PROBLEM DESCRIPTION:
Are you able to retype all the records below exactly?

THE DATA:
== == ==

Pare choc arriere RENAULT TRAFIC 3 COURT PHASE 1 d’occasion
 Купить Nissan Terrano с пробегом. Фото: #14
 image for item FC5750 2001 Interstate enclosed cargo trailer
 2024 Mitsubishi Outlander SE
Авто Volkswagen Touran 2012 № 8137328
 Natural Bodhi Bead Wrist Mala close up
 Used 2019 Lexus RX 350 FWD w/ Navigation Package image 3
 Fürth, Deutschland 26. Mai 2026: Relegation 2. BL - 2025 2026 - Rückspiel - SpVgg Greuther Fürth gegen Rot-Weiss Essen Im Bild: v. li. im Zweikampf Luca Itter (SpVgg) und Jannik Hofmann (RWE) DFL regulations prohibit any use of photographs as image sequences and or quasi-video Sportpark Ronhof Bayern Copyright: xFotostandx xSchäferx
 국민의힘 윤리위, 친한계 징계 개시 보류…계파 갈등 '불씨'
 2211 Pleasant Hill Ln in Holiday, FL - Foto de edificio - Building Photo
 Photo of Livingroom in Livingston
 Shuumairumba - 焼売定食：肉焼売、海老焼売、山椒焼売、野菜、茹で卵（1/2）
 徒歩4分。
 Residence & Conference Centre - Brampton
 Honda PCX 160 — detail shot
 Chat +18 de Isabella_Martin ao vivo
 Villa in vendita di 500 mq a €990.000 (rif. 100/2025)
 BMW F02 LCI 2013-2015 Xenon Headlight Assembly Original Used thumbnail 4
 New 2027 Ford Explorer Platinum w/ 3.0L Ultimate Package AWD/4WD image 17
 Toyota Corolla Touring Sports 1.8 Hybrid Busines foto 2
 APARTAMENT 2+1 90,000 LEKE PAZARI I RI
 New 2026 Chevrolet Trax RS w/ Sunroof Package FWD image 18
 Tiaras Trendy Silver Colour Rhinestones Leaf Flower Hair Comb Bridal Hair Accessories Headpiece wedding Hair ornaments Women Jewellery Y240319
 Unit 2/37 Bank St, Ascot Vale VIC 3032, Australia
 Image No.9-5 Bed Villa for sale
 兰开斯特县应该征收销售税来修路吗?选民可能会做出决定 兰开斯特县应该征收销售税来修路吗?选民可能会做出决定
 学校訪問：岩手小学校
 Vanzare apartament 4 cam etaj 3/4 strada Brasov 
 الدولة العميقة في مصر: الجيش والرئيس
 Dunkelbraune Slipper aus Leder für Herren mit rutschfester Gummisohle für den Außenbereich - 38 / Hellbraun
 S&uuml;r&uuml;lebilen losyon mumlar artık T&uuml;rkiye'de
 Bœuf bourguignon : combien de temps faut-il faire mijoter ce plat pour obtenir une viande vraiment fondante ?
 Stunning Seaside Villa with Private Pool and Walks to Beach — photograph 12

== == ==

FINISHED EXERCISE:
Pare choc arriere RENAULT TRAFIC 3 COURT PHASE 1 d’occasion
 Купить Nissan Terrano с пробегом. Фото: #14
 image for item FC5750 2001 Interstate enclosed cargo trailer
 2024 Mitsubishi Outlander SE
Авто Volkswagen Touran 2012 № 8137328
 Natural Bodhi Bead Wrist Mala close up
 Used 2019 Lexus RX 350 FWD w/ Navigation Package image 3
 Fürth, Deutschland 26. Mai 2026: Relegation 2. BL - 2025 2026 - Rückspiel - SpVgg Greuther Fürth gegen Rot-Weiss Essen Im Bild: v. li. im Zweikampf Luca Itter (SpVgg) und Jannik Hofmann (RWE) DFL regulations prohibit any use of photographs as image sequences and or quasi-video Sportpark Ronhof Bayern Copyright: xFotostandx xSchäferx
 국민의힘 윤리위, 친한계 징계 개시 보류…계파 갈등 '불씨'
 2211 Pleasant Hill Ln in Holiday, FL - Foto de edificio - Building Photo
 Photo of Livingroom in Livingston
 Shuumairumba - 焼売定食：肉焼売、海老焼売、山椒焼売、野菜、茹で卵（1/2）
 徒歩4分。
 Residence & Conference Centre - Brampton
 Honda PCX 160 — detail shot
 Chat +18 de Isabella_Martin ao vivo
 Villa in vendita di 500 mq a €990.000 (rif. 100/2025)
 BMW F02 LCI 2013-2015 Xenon Headlight Assembly Original Used thumbnail 4
 New 2027 Ford Explorer Platinum w/ 3.0L Ultimate Package AWD/4WD image 17
 Toyota Corolla Touring Sports 1.8 Hybrid Busines foto 2
 APARTAMENT 2+1 90,000 LEKE PAZARI I RI
 New 2026 Chevrolet Trax RS w/ Sunroof Package FWD image 18
 Tiaras Trendy Silver Colour Rhinestones Leaf Flower Hair Comb Bridal Hair Accessories Headpiece wedding Hair ornaments Women Jewellery Y240319
 Unit 2/37 Bank St, Ascot Vale VIC 3032, Australia
 Image No.9-5 Bed Villa for sale
 兰开斯特县应该征收销售税来修路吗?选民可能会做出决定 兰开斯特县应该征收销售税来修路吗?选民可能会做出决定
 学校訪問：岩手小学校
 Vanzare apartament 4 cam etaj 3/4 strada Brasov 
 الدولة العميقة في مصر: الجيش والرئيس
 Dunkelbraune Slipper aus Leder für Herren mit rutschfester Gummisohle für den Außenbereich - 38 / Hellbraun
 S&uuml;r&uuml;lebilen losyon mumlar artık T&uuml;rkiye'de
 Bœuf bourguignon : combien de temps faut-il faire mijoter ce plat pour obtenir une viande vraiment fondante ?
 Stunning Seaside Villa with Private Pool and Walks to Beach — photograph 12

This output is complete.